Este pasaje revela una conversación sagrada entre Dios Padre y el Hijo. El Señor Jesús había hablado de un grano de trigo que, si no cae a tierra y muere, queda solo; pero si muere, produce mucho fruto. También se refirió a ser “levantado de la tierra”, aludiendo claramente a la muerte que iba a sufrir (véase vv. 32-33). A estas afirmaciones añadió: “Ahora está turbada mi alma” (v. 27); sin embargo, no pidió ser librado de aquella hora. Lo que deseaba profundamente era que el nombre de su Padre fuera glorificado.
Entonces una voz del cielo declaró que el nombre del Padre ya había sido glorificado, y sería glorificado una vez más. ¿Cuándo había sido glorificado antes? Podríamos decir que cada paso en la vida de Jesús trajo gloria al Padre. Nunca hubo una nota disonante en la perfecta armonía de sus palabras y acciones. Él mismo afirmó: “Yo hago siempre lo que le agrada” (Jn. 8:29).
No obstante, hubo momentos particulares en los que la gloria del Padre resplandeció de manera especial. Uno de ellos fue la resurrección de Lázaro. Aunque Jesús, como Hijo de Dios, tenía vida en sí mismo (véase Jn. 5:26), no lo resucitó sin invocar públicamente el nombre del Padre: “Padre, gracias te doy por haberme oído. Yo sabía que siempre me oyes; pero lo dije por causa de la multitud que está alrededor, para que crean que tú me has enviado” (Jn. 11:41-42). Muchos de los que vieron a Lázaro salir vivo del sepulcro creyeron verdaderamente (véase v. 11). Así fue glorificado el nombre del Padre.

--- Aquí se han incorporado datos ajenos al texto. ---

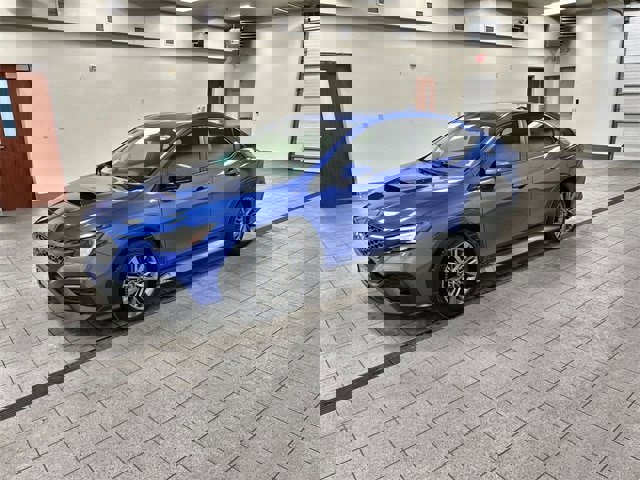 Used 2022 Subaru WRX image 4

Y de forma aún más gloriosa, el nombre del Padre fue exaltado en la resurrección de Cristo, quien, luego de beber hasta los sedimentos la copa del juicio que el Padre le había dado, resucitó según el poder de una vida indestructible.
El nombre del Padre es glorificado por el poder divino y la hermosura moral del Señor Jesús, sobre quien la muerte no pudo prevalecer. Y también nosotros, al contemplarlo, hallamos toda nuestra gloria en el Salvador.